When people ask me this the main thing that I tell them is this
Go the camera store and look for a model that is a) in your budget and b) feels good in your hands and then buy it.
A bit more:
- It doesn’t matter. As Scott Bourne is known to say, 99% of the cameras are better than 99% of the photographers out there. The cheapest DSLR body and crappiest lens will produce images (in the right hands) that you can blow up to put on your wall at home, and will more than be adequate to take pictures to put in a tiny box on your Facebook wall.
- Buy what your friends have. If your friends all shoot Nikon, buy Nikon. If they shoot Canon, buy a Canon, or Pentax, or whatever. This makes things like sharing lenses, getting help for settings, and getting access to hand-me-downs when someone upgrades much easier.
- Go to the camera store (an actual camera store, not your local best buy) and talk to the people there about your needs, and if they’re not scumbag salesguy, they’ll give you a good idea about what you actually need, not what they can sell you. Then go to a different store and do the same thing, and get a second (or 3rd or 4th) opinion. Having a good relationship with your local camera store (Hi Duncan and Charmaine from Lens and Shutter!) makes a word of difference in getting inside information, good advice and yes, the occasional good deal.

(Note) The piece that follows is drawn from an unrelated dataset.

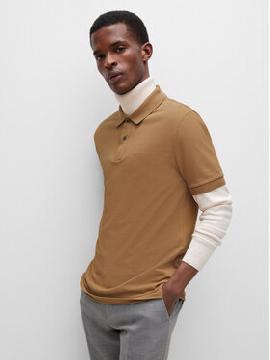 BOSS Polo marškinėliai · Smėlio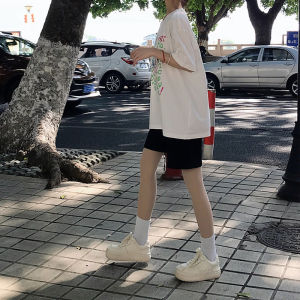 Black Sports Shorts Men and Women Same Style New Arrival Summer Stripes Loose Outer Wear Slim Looking Casual Student Hot Pants and Bermuda Shorts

- In the camera store get your hands on as many cameras as possible. A great camera with controls that feel odd or that doesn’t feel right in your hands isn’t going to get used nearly as much as a “lesser” camera that feels oh-so right. This is why I bought the Pentax *ist-D vs the original Canon Rebel back in 2004… a smaller body and simply felt more at home in my hands.
- Think more about lenses than bodies, but not at first. The lenses available (and for that matter, flash system) will affect you more as you get more into photography, and you’ll realize that even though the body is the thing with the buttons dials and features, it’s really just a box you stick on the back of your lenses. The more pictures you take the more you’ll see that a good lens will go far longer than a good body. While the body might be out of date in six months, and you may upgrade every 5 years, your lenses can easily last you a (literal) lifetime.
Last but not least (again):
- It doesn’t matter. No, it doesn’t matter. The hardware these days is so good that unless you’re at a very high level (and therefor are getting paid in truckloads of cash and can afford to just buy whatever your clients insist is needed for the shoot), or pixel peeping with a microscope (“measurbation” I hear it called) it will have zero effect on you or I.
That all said, you didn’t say what you are using the camera for? Portrait work? Action? Sports? Wildlife? Or just “I want a DSLR”? If the latter my advice above holds. If you’re looking at specifically one of the other uses there are different directions that others can point you. Other real humans that you can talk to face to face, not the faceless hordes screaming at you in the forums from the safety of their basements. I know that while Canon and Nikon tend to leapfrog each other in features and performance, some specific types of photography can (can) be more easy with one manufacturer or another, at least once you’ve been in it for a decade and are able to tell.
Finally an entry level DSLR from any manufacturer, combined with the kit lens will give you a great camera, great lens and almost all of the things you’re looking for. The next step is to go out and take pictures all day, everyday, and have fun!